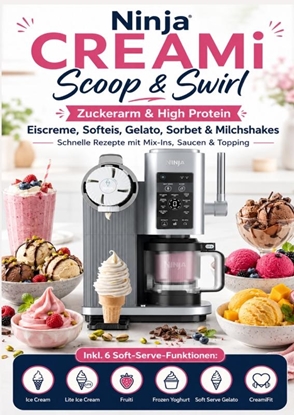 Afbeeldingen van Ninja CREAMi Scoop & Swirl – Zuckerarm & High Protein Eiscreme, Softeis, Gelato, Sorbet & Milchshakes – schnelle Rezepte mit Mix-Ins, Saucen & Topping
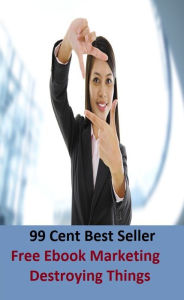 Title: 99 Cent Best Seller Free Ebook Marketing Destroying Th ( online marketing, workstation, pc, laptop, CPU, blog, web, net, netting, network, internet, mail, e mail, download, up load, keyword, software, bug, antivirus, search engine, anti spam ), Author: Resounding Wind Publishing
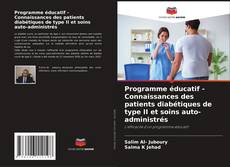 Programme éducatif - Connaissances des patients diabétiques de type II et soins auto-administrés kitap kapağı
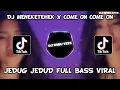 Download Lagu DJ MENEKETEHEK X COME ON COME ON X MONEY TIKTOK VIRAL REMIX FULL BASS 2022 | DJ ENAKEUN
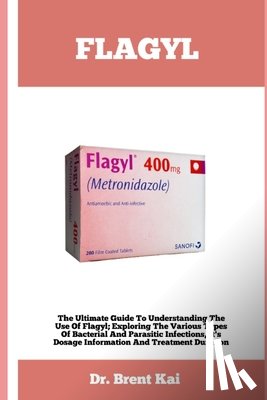 Kai, Brent - Flagyl: The Ultimate Guide To Understanding The Use Of Flagy; Exploring The Various Types Of Bacterial And Parasitic Infection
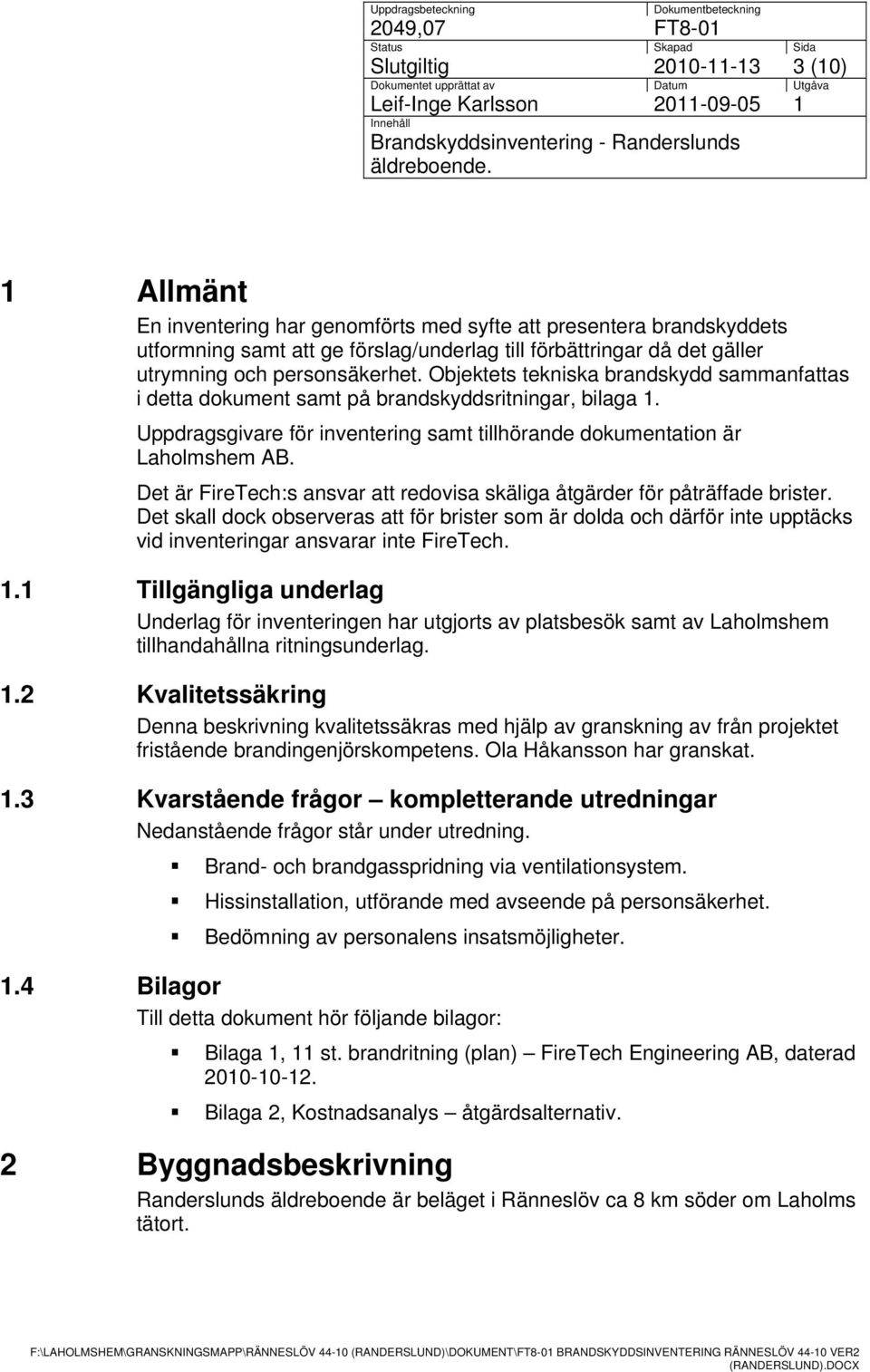 1 Allmänt En inventering har genomförts med syfte att presentera brandskyddets utformning samt att ge förslag/underlag till förbättringar då det gäller utrymning och personsäkerhet.
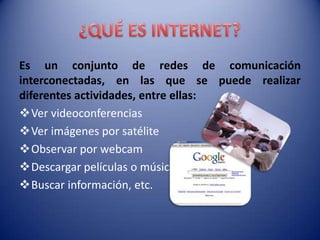 Es un conjunto de redes de comunicación
interconectadas, en las que se puede realizar
diferentes actividades, entre ellas:
Ver videoconferencias
Ver imágenes por satélite
Observar por webcam
Descargar películas o música
Buscar información, etc.
 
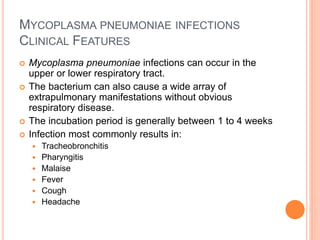 MYCOPLASMA PNEUMONIAE INFECTIONS
CLINICAL FEATURES
 Mycoplasma pneumoniae infections can occur in the
upper or lower respiratory tract.
 The bacterium can also cause a wide array of
extrapulmonary manifestations without obvious
respiratory disease.
 The incubation period is generally between 1 to 4 weeks
 Infection most commonly results in:
 Tracheobronchitis
 Pharyngitis
 Malaise
 Fever
 Cough
 Headache
 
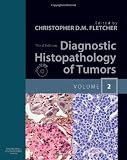 Diagnostic Histopathology of Tumors: 2-Volume Set  with CD-ROMs (Diagnostic Histopathology of Tumors (Fletcher))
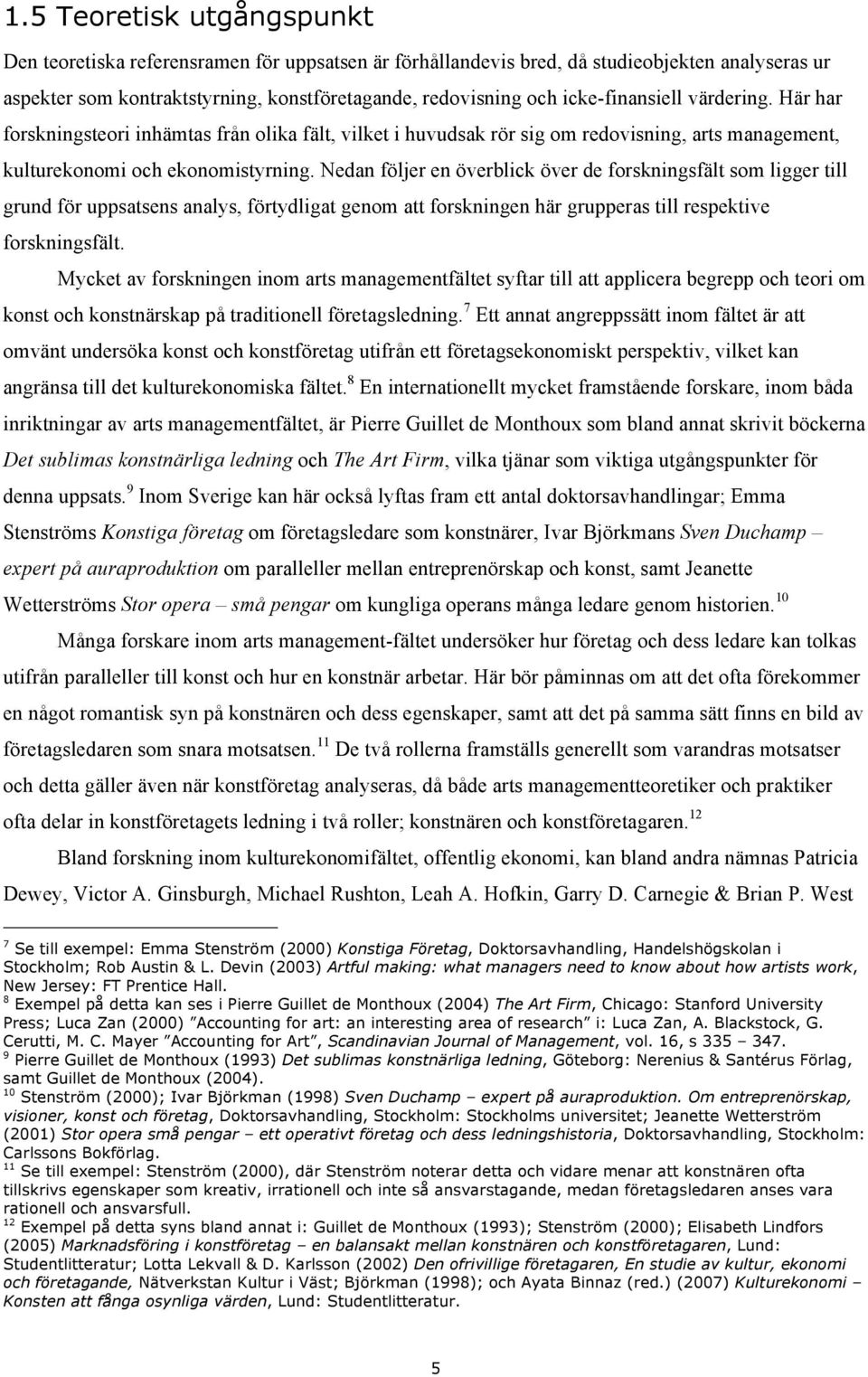 Nedan följer en överblick över de forskningsfält som ligger till grund för uppsatsens analys, förtydligat genom att forskningen här grupperas till respektive forskningsfält.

════════════════

Beginning with the line that contains "Infection most commonly", print exactly every line through the end of the records, both included. Omit the pictures.

#### [Exercise result]
 Infection most commonly results in:
 Tracheobronchitis
 Pharyngitis
 Malaise
 Fever
 Cough
 Headache
 
 Diagnostic Histopathology of Tumors: 2-Volume Set  with CD-ROMs (Diagnostic Histopathology of Tumors (Fletcher))
 Nedan följer en överblick över de forskningsfält som ligger till grund för uppsatsens analys, förtydligat genom att forskningen här grupperas till respektive forskningsfält.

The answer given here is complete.